--- START ---
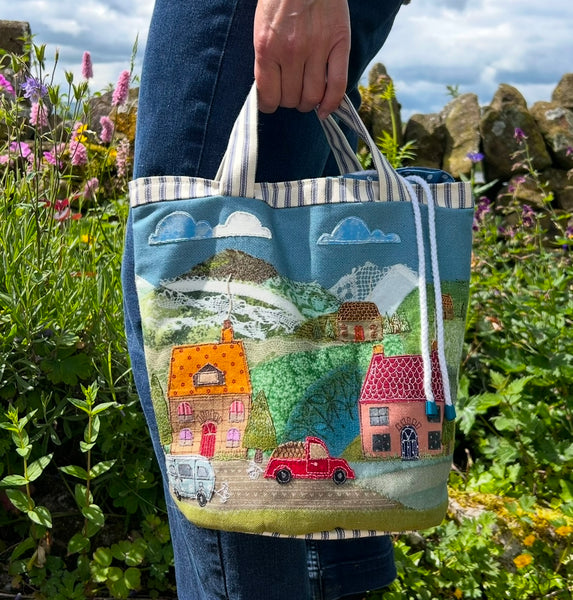 Mountain Street Scene Project Bag.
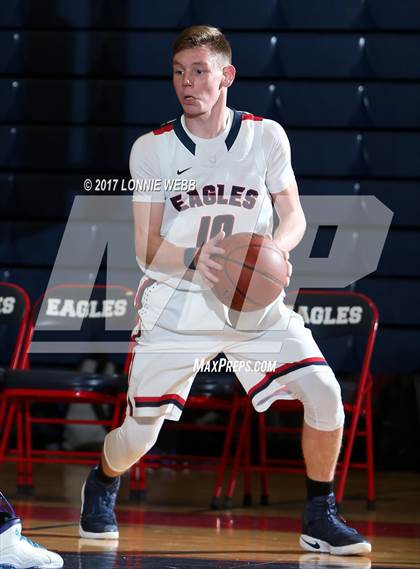 Thumbnail 2 in Lincoln @ Eastchester photogallery.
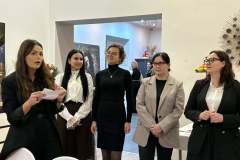 2ee209b3-f138-4e6e-80a5-437284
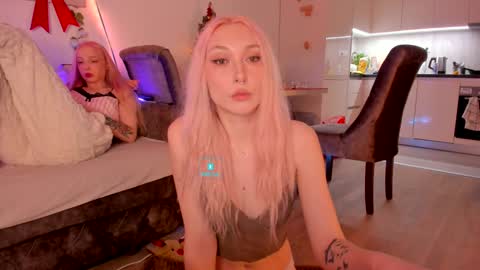 Snapshot of hornybunnys chatting on 01-02-25, 10:11 Alex and Rosie online show from 01-02-25, 10:11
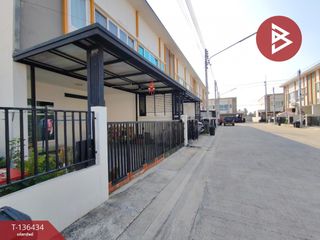 For sale 3 bedrooms townhouse in Sam Phran, Nakhon Pathom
--- END ---
PROBLEM STATEMENT - Copy out all of the material exactly as written, without its pictures.

ANSWER SPACE -
 Mountain Street Scene Project Bag.
 Thumbnail 2 in Lincoln @ Eastchester photogallery.
 2ee209b3-f138-4e6e-80a5-437284
 Snapshot of hornybunnys chatting on 01-02-25, 10:11 Alex and Rosie online show from 01-02-25, 10:11
 For sale 3 bedrooms townhouse in Sam Phran, Nakhon Pathom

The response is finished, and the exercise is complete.